Some are selling right from the boot and back seats of their vehicles.
THERE is a place in Kuala Lumpur that comes alive after the sun goes down.
Malaysians looking for a retail fix in the wee hours of the morning do not have 24-hour warehouse outlets like overseas, but something more rustic — an outdoor street market.
The pasar karat or night bazaar is located in Jalan Sultan and it usually starts at 4.30am.
On weekends and public holidays, the buying and selling starts as early (or late depending on your perspective) as 2am.
Some might call them crazy but it has plenty of fans, judging by the steady stream of people, who include foreigners living in the area.
Sometimes, you can even see families with young children and the occasional curious local tourist.
Like similar markets, the goods on display are an eclectic mix, from an antique kerosene stove to video cassette tapes, household and electrical goods as well as bundle clothes and second-hand shoes.
There were vendors offering collectibles such as old currency notes, stamps and even the McDonalds’ Coca-Cola can-shaped glasses collection.
The transaction is on an as-is basis, so buyers beware!
Bartering is also practised.
“I found some really interesting things such as a pair of antique-looking bronze-coloured vases and an old Yashica camera that was going for RM200.
“Seeing it made me want to play with film photography again as it was quite cool, but one of the knobs was practically coming off so I decided against buying it,” said Alex Nge, 36, who had heard about the market from a friend.
During weekends, the market extends along the backlane between Jalan Sultan and Jalan Petaling but Nge said he was not comfortable with the location.
“While there are more vendors there compared to the main street, it is not as well-lit and I noticed some suspicious-looking people around,” he said.
One seller, who declined to be named, said that she has been setting up her stall here for the past four years and described business as satisfactory.

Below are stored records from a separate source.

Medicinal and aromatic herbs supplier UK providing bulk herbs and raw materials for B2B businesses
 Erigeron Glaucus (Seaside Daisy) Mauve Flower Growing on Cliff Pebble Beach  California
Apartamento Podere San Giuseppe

“People come here expecting a good bargain.
“We do not do any harm and pack up by 8am at the latest, when the shops open,” she said, probably alluding to its reputation as a haunt for thieves to dispose stolen goods.
Indeed, they seem to do no harm and no complaints have been lodged against them, according to a spokesman from Kuala Lumpur City Hall (DBKL).
“We have conducted an operation here before.
“The police will get involved if the sellers start offering illegal items such as firearms or drugs,” the spokesman said.
The spokesman noted the market has been around for more than 10 years and has become a tourist attraction of sorts.
“We can step in and legalise it but that will involve licensing and other relevant processes, which may detract from the market’s appeal of being a place for people to buy and sell things,” the spokesman added.